Tuesday, 14 October 2025

Polly Toynbee: stopped clock, sometimes right

Something else I returned to was a Graun article by La Toynbee, which broadly makes a lot of sense. 

For baffling reasons, soon after the general election a government with a sky-high in-tray of problems embarked on a gigantic local council reorganisation no one knew about. It didn’t feature in the manifesto, nor in the local government secretary Steve Reed’s conference speech last week – but England has plans to axe unknown numbers of local councillors – some estimates put it at nearly 90%. The white paper outlining these plans actually boasts that there will be “fewer local politicians”, pandering disgracefully to the general scorn for politics ... For all the talk of localism and connecting to neighbourhoods, these are the unheralded foot soldiers of democracy. It is councillors who run political parties and much that binds their communities. Few people ever join political parties, yet the whole tottering democratic system relies entirely on those who do. Running the council and becoming a councillor is part of party members’ purpose and motivation. Abolishing so many will diminish democratic engagement over time

For once, she's right - it happens a couple of times per decade.  This is awful.  The "baffling reason", we must suppose, is Starmer's centralising tendency, coupled with his complete lack of political hinterland or general grass-roots experience.  

ND 


Sunday, 12 October 2025

Putin 'apologises': an interesting development

Returned from a couple of weeks away to find interesting news on several international fronts.  One little-noticed development that particularly caught my eye is that Putin has publicly "apologised" to Aliyev for the shooting down of an Azerbaijani airliner last year, and acknowledged formally for the first time that Russian air defences were what caused the disaster.  When it happened 10 months ago, Putin commiserated over the event - well, he kinda had to, it happened over Russian airspace, FFS - but said only that Ukrainian drones had been in the area.  Ever since, Aliyev has been demanding full acknowledgement, apology, punishment of the guilty, and compensation; and only now does he get just the first two of these, along with a statement that the details are still being looked into.   The inverted commas around "apologised" are required because of course it was done in the most ungracious, weasel-like manner.  (Needless to say, the Russian 'patriotic' media space reckons Aliyev is seriously out of order for having the temerity even to mention the matter, and should be subjected to a Special Military Operation of his own as soon as, errr, resources allow.)  

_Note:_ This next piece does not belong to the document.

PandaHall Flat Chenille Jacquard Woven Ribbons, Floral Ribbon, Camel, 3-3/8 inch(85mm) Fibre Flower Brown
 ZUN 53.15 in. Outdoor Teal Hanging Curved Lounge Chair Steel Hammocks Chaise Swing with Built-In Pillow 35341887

Why apologise now?  We need to take into account something else that happened recently - when Putin went to Beijing for the VJ-Day 80th anniversary celebrations.  Xi engineered things so that as Putin was going into a reception, who should he meet at the door but Aliyev, and was forced to shake his hand as though Aliyev was receiving him into the occasion.  Being bounced like this went down exceedingly badly in Moscow: it was widely viewed as a humiliation for L'il Volodya.  

Which it was.  On massive international occasions where diplomatic choreography is everything - particularly where China is involved and symbolism is paramount - nothing like that happens by coincidence.  Putin was set up then; and afterwards presumably taken aside and told to get on with the public apology.  Much as Moscow likes to big up Putin sitting next to Xi, one couldn't but notice who was sitting on the other side ...  Yep, it was Jong-Un the Wrong'un.  That's Xi saying to the world: meet my two surly stooges - the guys who are wholly beholden to me.

Putin has never been forgiven by China for invading Georgia during the 2008 Beijing Olympics - a truly monstrous breach of protocol.  It would have been against the rules even during ancient times: the Games marked a truce across the whole of Greece.  But for proud, prickly China, it was an outrage.  In the Jan 2008 C@W annual predictions compo, I forecast the invasion but with one erroneous detail: I said it would be after the Olympics.  I mean, what kind of idiot would do it during ..?

ND

Wednesday, 1 October 2025

Starmer vs ... Whom?

"Decency vs Division" is this week's rallying call for Starmer, with a range of associated wok-ish sub-slogans.  It's suggested by some that he, Reeves and Phillipson are running snide little side-campaigns against Andy Burnham and Lucy Powell: but who is the primary enemy in Starmer's sights?

The obvious, face-value answer is N. Farage: but I don't think so.  IMHO, this whole Party Conference turn is aimed squarely at targets on the Left, in the two menacing shapes of Zack Polansky and the Corbyn / Sultana rabble.  Starmer's first aim now must be to persuade what remains of the left-ish, green-ish sector of the Labour movement that he's sufficiently, demonstratively anti-Farage for them to reckon staying with Labour is the safest option, rather than futile fragmentation into the ranks of the splitters.  A bit like the French are always doing to fend off Marine Le Pen.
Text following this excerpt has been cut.